| Task input |
= = =

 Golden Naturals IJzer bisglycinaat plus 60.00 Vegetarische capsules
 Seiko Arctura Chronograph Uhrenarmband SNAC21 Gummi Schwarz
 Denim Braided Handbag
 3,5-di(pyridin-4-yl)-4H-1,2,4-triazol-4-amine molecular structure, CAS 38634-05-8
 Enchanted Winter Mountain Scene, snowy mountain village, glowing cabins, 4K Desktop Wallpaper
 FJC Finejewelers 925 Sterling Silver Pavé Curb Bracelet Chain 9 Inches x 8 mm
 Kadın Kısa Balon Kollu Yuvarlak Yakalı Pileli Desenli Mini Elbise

= = =

Every line of the material above should be set down again exactly.

| Solved problem |
 Golden Naturals IJzer bisglycinaat plus 60.00 Vegetarische capsules
 Seiko Arctura Chronograph Uhrenarmband SNAC21 Gummi Schwarz
 Denim Braided Handbag
 3,5-di(pyridin-4-yl)-4H-1,2,4-triazol-4-amine molecular structure, CAS 38634-05-8
 Enchanted Winter Mountain Scene, snowy mountain village, glowing cabins, 4K Desktop Wallpaper
 FJC Finejewelers 925 Sterling Silver Pavé Curb Bracelet Chain 9 Inches x 8 mm
 Kadın Kısa Balon Kollu Yuvarlak Yakalı Pileli Desenli Mini Elbise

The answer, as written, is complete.